O crescimento das cidades latinoamericanas em princípios do século XX originou uma outra classe de idealização contraposta àquela que ainda se podia observar nos primeiros anos do cinema, voltada para as cenas provincianas. A idealização centralizada na utopia urbana refletia-se no Brasil em mentalidades sintonizadas com as metrópoles como São Paulo ou com o cinturão cosmopolita da Praça Floriano. O espetáculo cinematográfico ocupou um lugar fundamental na nova cultura urbana.

Considerada uma intervenção de alinhamento radical na cidade, a reforma Passos tenta preparar a cidade para uma paisagem estabilizada que erradicaria os pobres e prepararia a cidade para o mercado internacional. Ao contrário das demais cidades latinas que cresceram em volta de uma plaza mayor com um desenho retilíneo das ruas, a população do Rio de Janeiro foi se adaptando à paisagem sem uma planificação elaborada e observando vários centralidades geográficas desde a vinda de D. João VI.

Estas centralidades variaram bastante, mas podem ser citadas: a atual Praça XV de novembro (ex Largo do Paço e Largo do Rocio), no período colonial; Praça da República e Praça Tiradentes no Império; Rua do Ouvidor no final do período imperial e a faixa Avenida Central e Praça Floriano, no início do período republicano.

A imagem cosmopolita idealizada no governo Rodrigues Alves, conduzida por Pereira Passos e Paulo de Frontin produziu modernidade nesta última praça mencionada. Os aparatos do governo e da iniciativa privada transformaram a cidade na metáfora da vida moderna e o desejo de se destacar pela indumentária, pelo comportamento e posteriormente pelo ato de freqüentar o cinema marcaram um referencial físico e afetivo na Praça Floriano, a Terra dos Cinemas.
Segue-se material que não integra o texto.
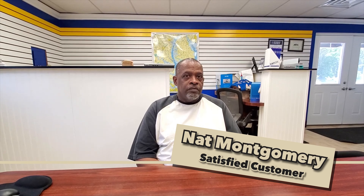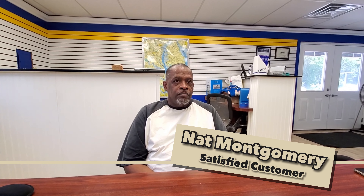Hello ladies and gentlemen. Today I have a customer by the name of Nat Montgomery here in the office of Completely Custom, who is so kind enough to do a video testimonial for our new website. So Nat, what kind of boat do you have?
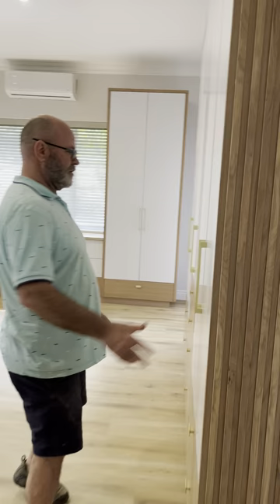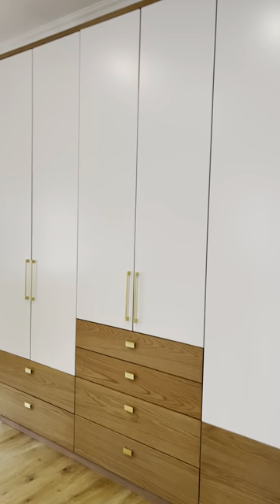And then built-in cupboards — there's a TV on that side — a combination of very, very light gray with oak, that works very well.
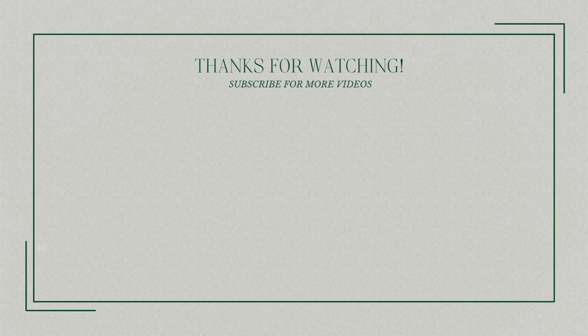Hopefully you guys enjoyed! I talked so fast towards the end because my battery light was blinking, but I think we made it. Thank you so much for watching and I will see you in my next video — have a lovely day, bye guys!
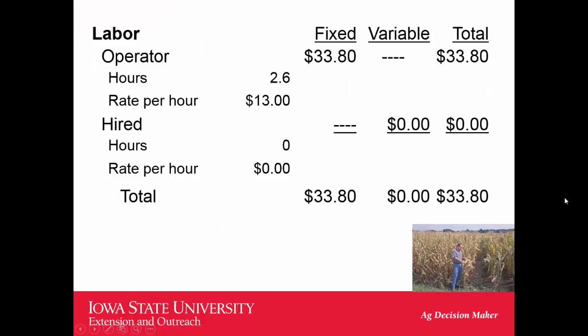For labor, we're using $13 per hour at 2.6 hours. My thinking is the hourly rate is a bit low and the hours are a bit high, so they may offset each other — I'd actually use $15–$16 per hour and 2 hours of labor. Even farming a thousand acres and pulling out $34,000 for family living expense, you'd still need a spouse with other income to manage the budget.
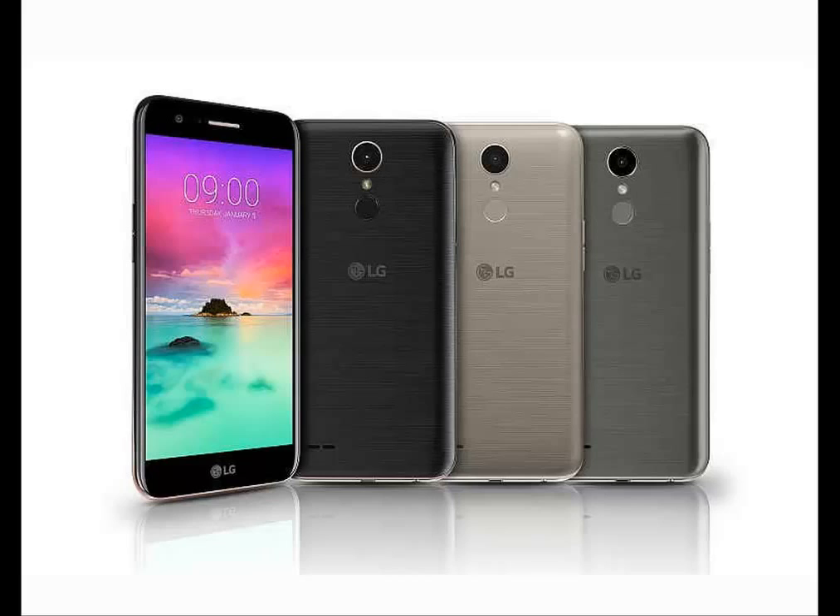As far as the cameras are concerned, the LG K3 2017 packs a 5 megapixel primary camera on the rear and a 2 megapixel front shooter for selfies.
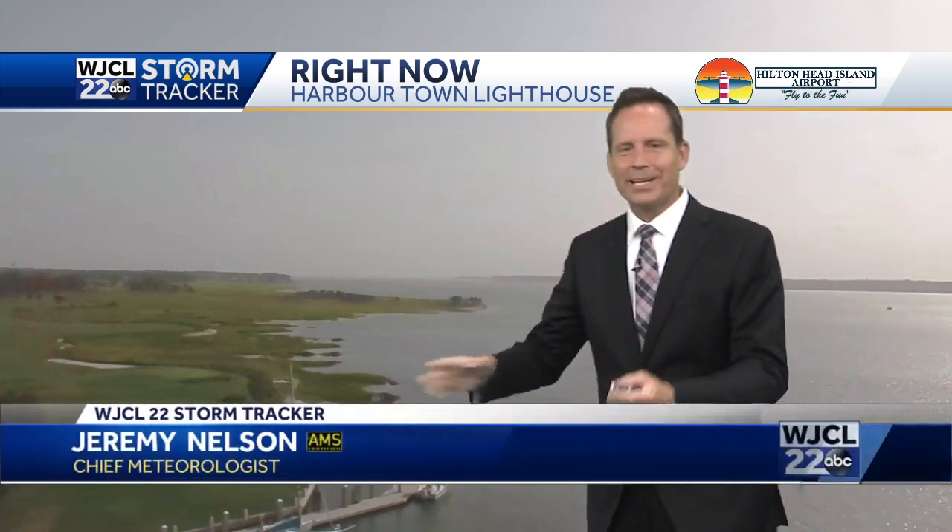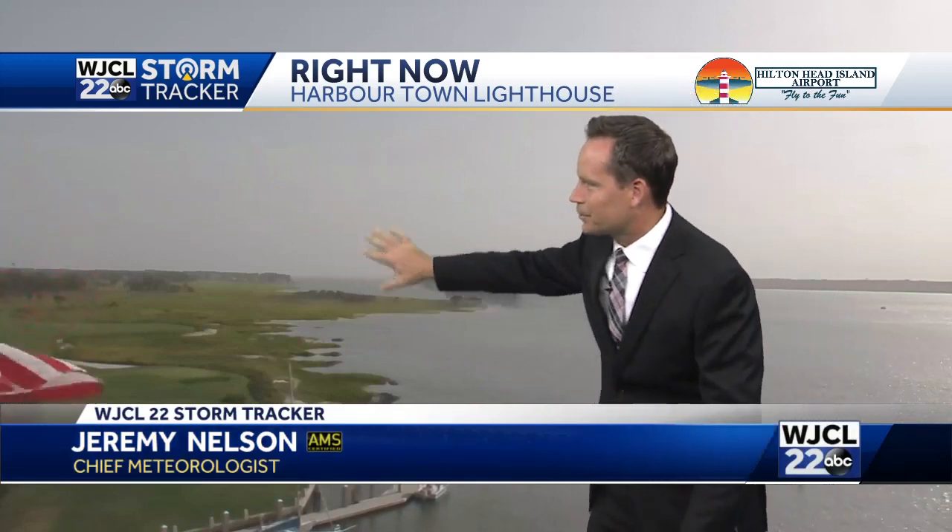Let's take a look outside here from our Harbortown lighthouse camera and kind of set the stage. We get hazy days in the summer, but this one's a little bit different. Not only haze down here at the surface, but you look at the sky and it's kind of just a gray look, even though there's really no clouds up there.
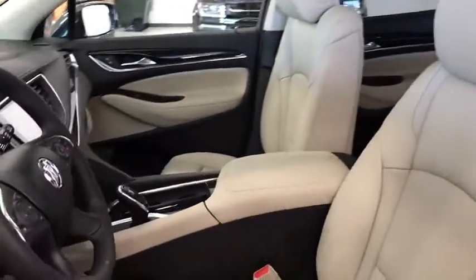This vehicle has less than 100 miles. Here are some of this vehicle's great options.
Evelyn Lima ressalta que a praça é um local de reunião, um “nó urbano na legibilidade da cidade” (p. 335) destacando o fato de que a memória coletiva se apega aos espaços e aos símbolos físicos garantindo uma certa continuidade no uso que as diversas camadas sociais projetam sobre o tecido urbano. Estes usos deterioram os valores do local com o passar do tempo e suas referencias vão perdendo o encanto e mesmo a intenção deliberada de transmitir alguma perenidade, como foi o caso da intervenção de Passos, não garante que os mesmos símbolos de convivência e troca sejam mantidos.

O próprio cinema seria combatido por novas forcas emergentes da indústria cultural nos anos 1940, quando a gênese de Serrador estava sendo ultrapassada pelos

night-clubs, como o Casablanca, Night and Day e o Montecarlo. Assim a Cinelândia

deixava de ser a Terra dos Cinemas, para ser apenas a “Cinelândia” – um local, de novos encontros e novas significações. O termo Cinelândia não se apresentava no fim dos anos 1950 como em referencia aos cinemas, mas retomava o sentido de uma praça que remodelada com vários prédios demolidos e reconstruídos prepara a cena urbana para significados que envolverão o local como síntese da política nacional nos anos 1980.